=== EXTRACTED INFORMATION ===
★ ★ ★ ★ ★

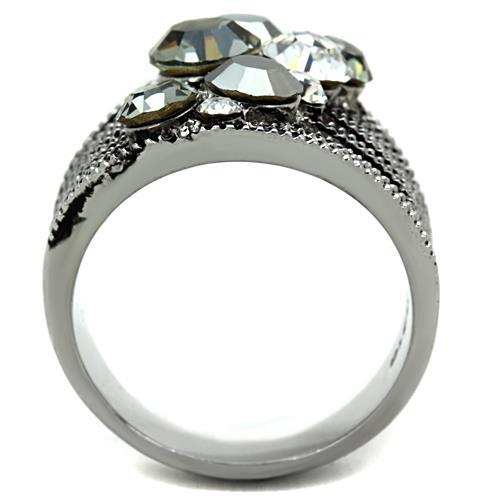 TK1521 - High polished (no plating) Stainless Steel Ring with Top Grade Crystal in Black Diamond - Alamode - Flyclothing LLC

★ ★ ★ ★ ★

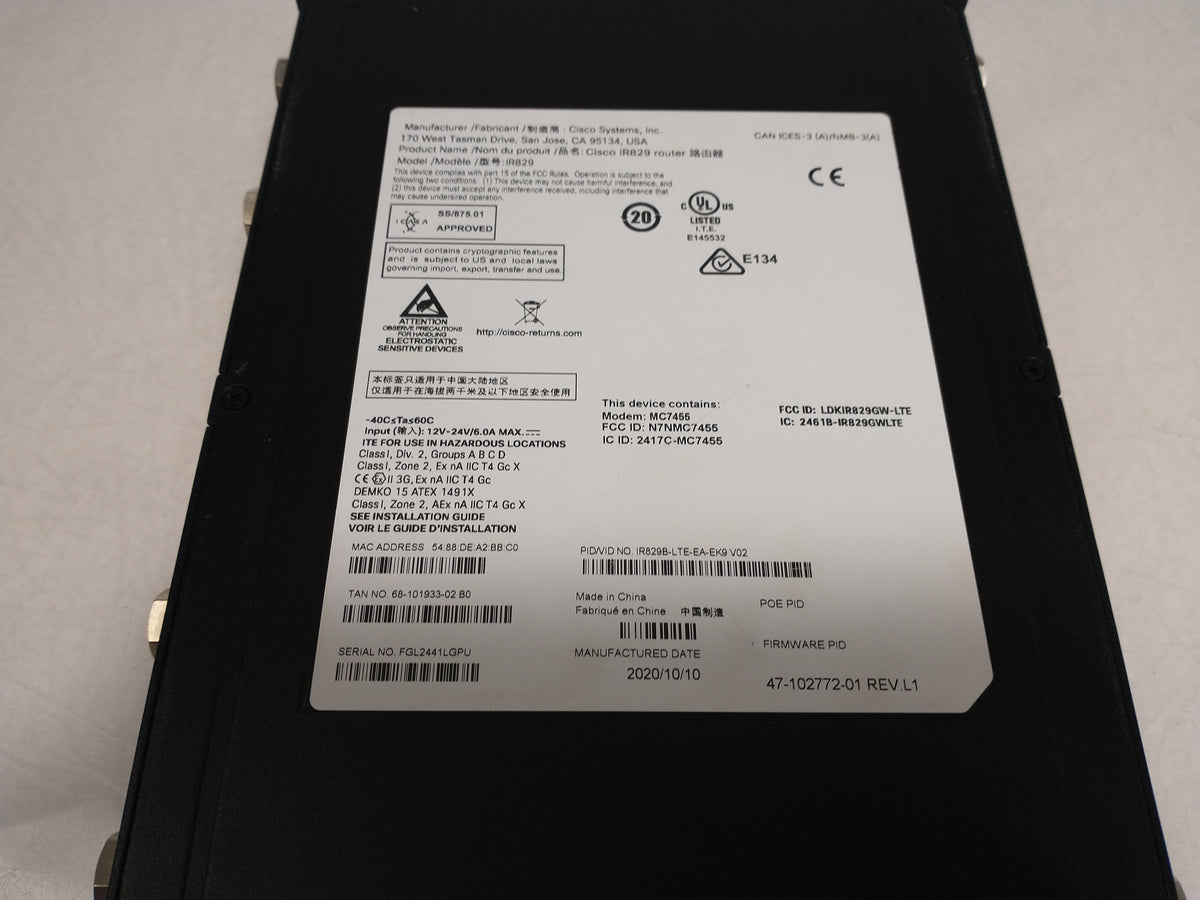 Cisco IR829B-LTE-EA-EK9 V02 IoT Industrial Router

★ ★ ★ ★ ★

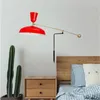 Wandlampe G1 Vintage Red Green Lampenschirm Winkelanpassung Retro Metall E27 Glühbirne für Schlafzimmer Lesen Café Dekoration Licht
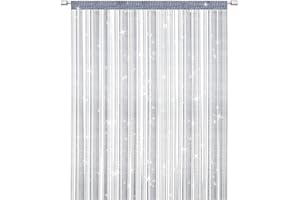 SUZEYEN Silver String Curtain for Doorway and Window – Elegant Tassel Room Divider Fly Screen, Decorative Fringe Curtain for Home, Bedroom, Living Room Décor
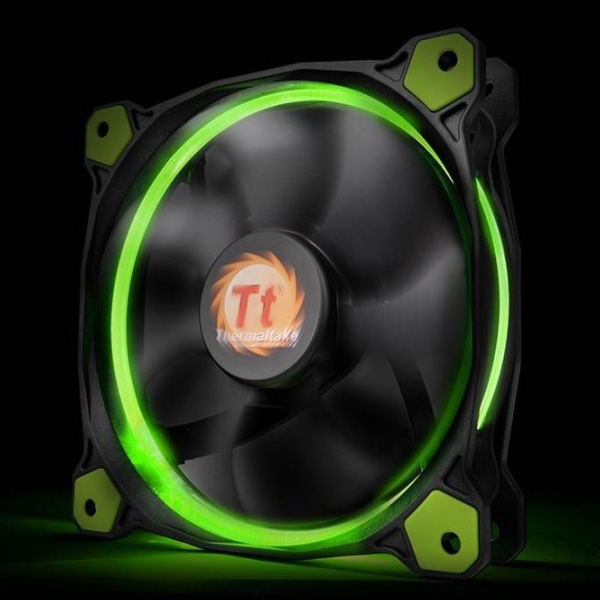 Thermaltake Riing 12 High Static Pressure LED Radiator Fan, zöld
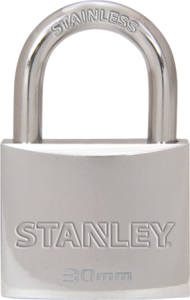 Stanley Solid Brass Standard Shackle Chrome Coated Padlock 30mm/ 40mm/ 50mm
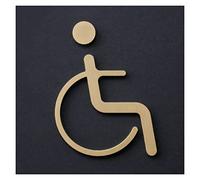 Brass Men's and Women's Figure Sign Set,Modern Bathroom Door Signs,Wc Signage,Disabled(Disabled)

★ ★ ★ ★ ★

=== WHAT YOU NEED TO DO ===
Treat the line with "Wandlampe G1 Vintage" as the start and the line with "Brass Men's and" as the end, and return exactly that span of the data above, both ends included, without pictures.

=== EXERCISE ANSWER ===
 Wandlampe G1 Vintage Red Green Lampenschirm Winkelanpassung Retro Metall E27 Glühbirne für Schlafzimmer Lesen Café Dekoration Licht
 SUZEYEN Silver String Curtain for Doorway and Window – Elegant Tassel Room Divider Fly Screen, Decorative Fringe Curtain for Home, Bedroom, Living Room Décor
 Thermaltake Riing 12 High Static Pressure LED Radiator Fan, zöld
 Stanley Solid Brass Standard Shackle Chrome Coated Padlock 30mm/ 40mm/ 50mm
 Brass Men's and Women's Figure Sign Set,Modern Bathroom Door Signs,Wc Signage,Disabled(Disabled)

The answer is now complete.